Completamos nuestra selección de utopías con Noticias de Ninguna Parte, o Una era de reposo, publicada por un maduro y afamado en tantos campos William Morris (1834-1896). Ha pasado medio siglo desde el Viaje por Icaria de Étienne Cabet, medio siglo repleto de cambios: el triunfo aparentemente definitivo del liberalismo, la segunda revolución industrial, el reparto del mundo entre un puñado de potencias imperialistas… Es la Belle Époque, henchida de convencimiento en el progreso ilimitado de la humanidad, de un optimismo tal que fácilmente deriva en un patente complejo (europeo) de superioridad. Las transformaciones de todo tipo parecen tan benéficas como irreversibles, pero no faltan voces ―aunque sean minoritarias― que se esfuerzan en desvelar el revés de la trama, desde contrapuestas posturas socialistas, católicas, extraeuropeas…, y que proponen diversos revolucionarios futuros o variopintos pasados idealizados, todas ellos tan hijos de su época como la sociedad a la que se oponen.

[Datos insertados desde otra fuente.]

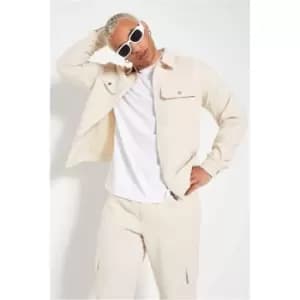 I Saw It First Stone Mens Premium Utility Zip Through Shacket - Brown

William Morris es un ejemplo redondo de ello. Con una maestría y prestigio indiscutidos en las artes aplicadas, se ha constituido en uno de los introductores del socialismo en Inglaterra, aunque su protagonismo en el campo político naufragará en los enfrentamientos entre marxistas y anarquistas. En la obra que presentamos Morris se esforzará en describir una sociedad futura ideal. En la mejor tradición del género, el punto de partida es la desaparición de la propiedad privada, con la consiguiente eliminación de las clases sociales y de cualquier tipo de conflicto. Pero a ello le añade la decisiva erradicación del Estado, y con él de las instituciones liberales: no existe gobierno, y el Parlamento de Londres ha sido convertido en el mercado de estiércol. Y del mismo modo se han eliminado las cárceles, los colegios y el matrimonio. Estamos, por tanto, en una sociedad plenamente anarquista. Pero Morris va más lejos: el maquinismo, la industria, el ferrocarril, las grandes ciudades, los mismos avances tecnológicos, también se volatizan, dejando espacio a una sociedad agrícola y artesanal cuyos individuos se realizan en l'obra ben feta, que diría Xènius, en el trabajo predominantemente manual.

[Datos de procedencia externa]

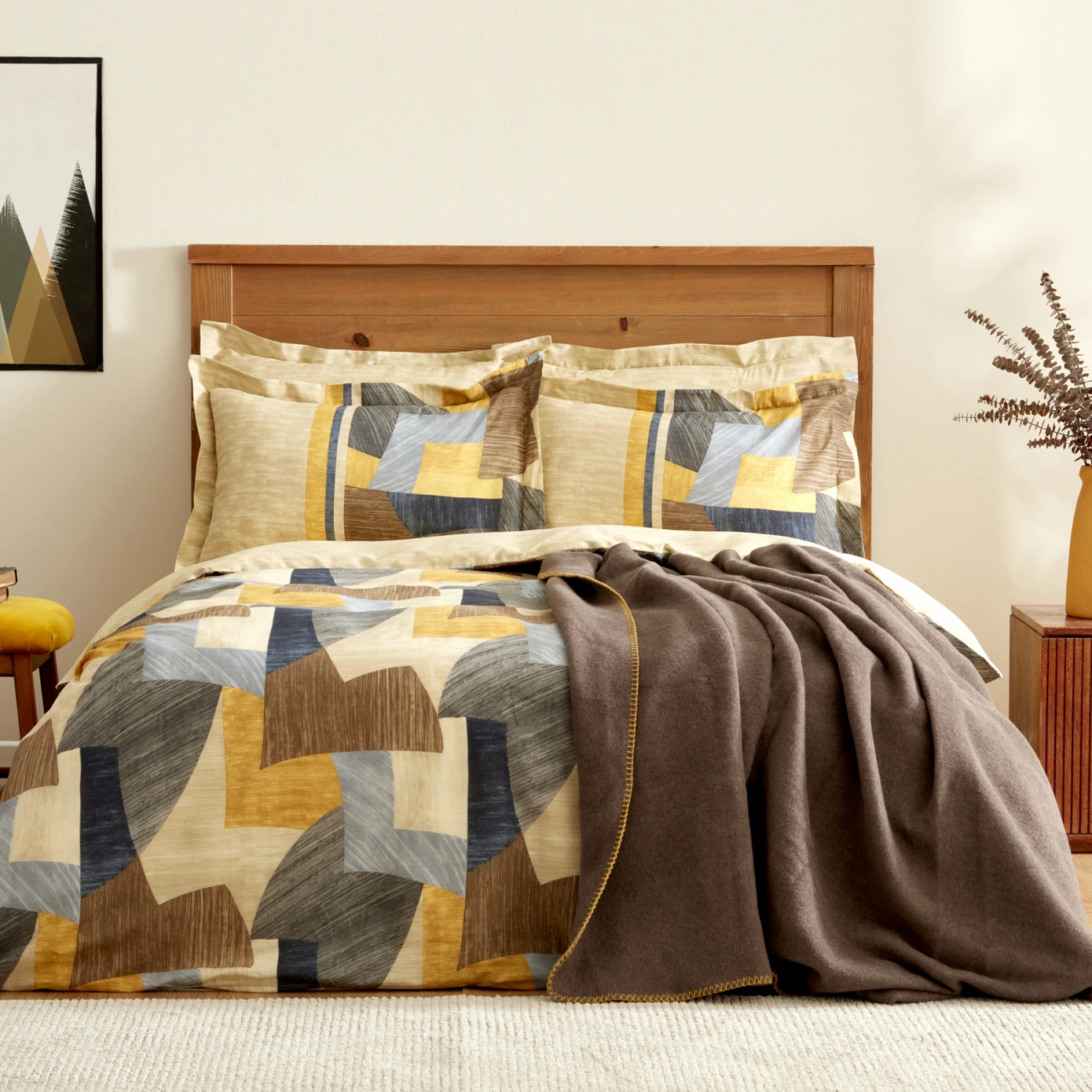 [200.22.05.0101] KH BERTIN BROWN DOUBLE KS DUVET COVER COTTON BLANKET SET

Quizás este aspecto hizo especialmente sugestivo (pero limitado en eficacia) su planteamiento. Gilbert Keith Chesterton, pocos años después, en 1904, tomará esta vuelta al pasado como base de El Napoleón de Notting Hill; y más tarde, y de modo más riguroso, en El regreso de Don Quijote (1927). Y así mismo en el proyecto político distributista que pondrá en marcha junto con Hilaire Belloc. Sin embargo, Chesterton no deja de advertir lo que considera «el punto débil de William Morris como reformista: que pretende reformar la vida moderna cuando la odiaba en vez de amarla. El Londres moderno es ciertamente una bestia lo bastante grande y lo bastante negra como para ser la gran bestia del Apocalipsis, con un millón de ojos encendidos y rugiendo con un millón de voces. Pero a menos que el poeta pueda amar a este monstruo tal como es, y pueda sentir, con algún grado de generosa excitación, su gigantesca y misteriosa alegría de vivir, la escala inmensa de su anatomía de hierro y el latido atronador de su corazón, no podrá transformar a la bestia en el príncipe encantado. La desventaja de Morris consistía en que no era en realidad un hijo del siglo XIX: no podía entender dónde radicaba la fascinación de ese siglo.»

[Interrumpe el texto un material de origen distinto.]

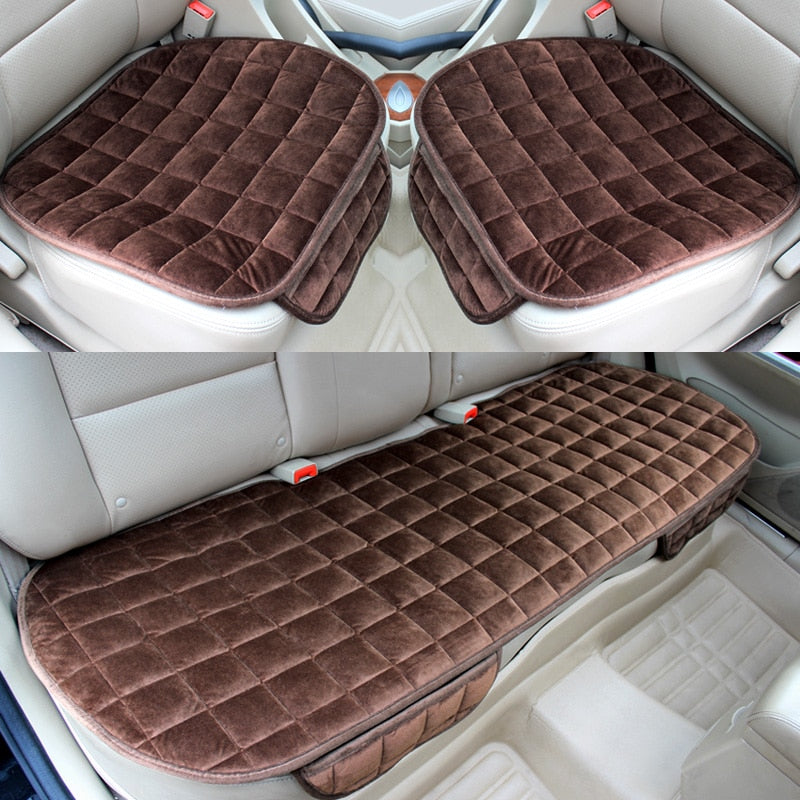 Car Seat Cover Car Accessory Front Rear Flocking Cloth Winter Warm Cushion Breathable Protector Mat Pad Universal Auto Interior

¿Y después de Morris? Se olvidará la esencia persistente de las utopías, el hecho de que están en ninguna parte, y se las quiere construir tanto en sociedades autoritarias como en sociedades abiertas, con el consiguiente resultado: el siglo XX. Podemos dejar correr la imaginación y suponer a un veinteañero Pol Pot leyendo esta novela en París, al filo de 1950, y acumulando convicciones de rechazo del mundo moderno… Es lógico, por tanto, que el género se transmute insensiblemente en distopía, como ya se vislumbraba en El Talón de Hierro, de Jack London (1908), al centrarse exclusivamente en la época previa al triunfo de la fraternidad humana… Pero la primera distopía auténtica será Nosotros, de Zamiatín (1921), a la que siguen las espléndidas Un Mundo feliz (1932) de Huxley La guerra de las salamandras (1936) de Čapek, y 1984 de Orwell, publicada en 1949. Un intento de volver a la utopía clásica, aunque para este lector su lectura resulta tremendamente distópica e ilustradora del presente, es Walden Dos (1948) de Skinner.